StreamingLinearRegressionWithSGD¶
-
class
pyspark.mllib.regression.
StreamingLinearRegressionWithSGD
(stepSize=0.1, numIterations=50, miniBatchFraction=1.0, convergenceTol=0.001)[source]¶ Train or predict a linear regression model on streaming data. Training uses Stochastic Gradient Descent to update the model based on each new batch of incoming data from a DStream (see LinearRegressionWithSGD for model equation).
Each batch of data is assumed to be an RDD of LabeledPoints. The number of data points per batch can vary, but the number of features must be constant. An initial weight vector must be provided.
- Parameters
stepSize – Step size for each iteration of gradient descent. (default: 0.1)

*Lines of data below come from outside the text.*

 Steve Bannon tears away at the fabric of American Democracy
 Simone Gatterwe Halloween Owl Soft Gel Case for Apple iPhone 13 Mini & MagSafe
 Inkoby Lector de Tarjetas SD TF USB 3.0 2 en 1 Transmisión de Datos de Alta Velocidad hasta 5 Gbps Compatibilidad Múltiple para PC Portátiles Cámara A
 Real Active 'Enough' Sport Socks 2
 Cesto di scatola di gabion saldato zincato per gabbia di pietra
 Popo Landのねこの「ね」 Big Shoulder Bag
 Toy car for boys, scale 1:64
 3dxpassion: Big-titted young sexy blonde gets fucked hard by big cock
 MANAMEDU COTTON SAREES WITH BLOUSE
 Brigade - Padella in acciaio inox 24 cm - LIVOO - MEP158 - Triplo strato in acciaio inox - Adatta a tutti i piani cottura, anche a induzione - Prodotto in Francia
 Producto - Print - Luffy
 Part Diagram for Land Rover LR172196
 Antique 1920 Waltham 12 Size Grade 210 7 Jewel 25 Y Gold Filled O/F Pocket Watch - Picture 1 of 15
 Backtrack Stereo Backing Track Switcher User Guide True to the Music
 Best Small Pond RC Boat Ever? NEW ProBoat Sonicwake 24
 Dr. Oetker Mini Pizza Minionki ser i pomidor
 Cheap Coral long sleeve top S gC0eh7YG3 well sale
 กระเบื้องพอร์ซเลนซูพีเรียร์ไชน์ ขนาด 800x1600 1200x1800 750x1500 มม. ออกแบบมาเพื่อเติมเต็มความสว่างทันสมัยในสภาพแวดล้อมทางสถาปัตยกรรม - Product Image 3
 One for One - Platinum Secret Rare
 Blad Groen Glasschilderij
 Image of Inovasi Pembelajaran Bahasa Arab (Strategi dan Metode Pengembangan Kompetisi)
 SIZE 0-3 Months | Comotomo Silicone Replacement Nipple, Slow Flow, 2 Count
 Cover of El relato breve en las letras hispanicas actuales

numIterations – Number of iterations run for each batch of data. (default: 50)
miniBatchFraction – Fraction of each batch of data to use for updates. (default: 1.0)
convergenceTol – Value used to determine when to terminate iterations. (default: 0.001)
New in version 1.5.0.
Methods
Methods Documentation
-
latestModel
()¶ Returns the latest model.
New in version 1.5.0.
-
predictOn
(dstream)¶ Use the model to make predictions on batches of data from a DStream.
- Returns
DStream containing predictions.
New in version 1.5.0.
-
predictOnValues
(dstream)¶ Use the model to make predictions on the values of a DStream and carry over its keys.
- Returns
DStream containing the input keys and the predictions as values.
New in version 1.5.0.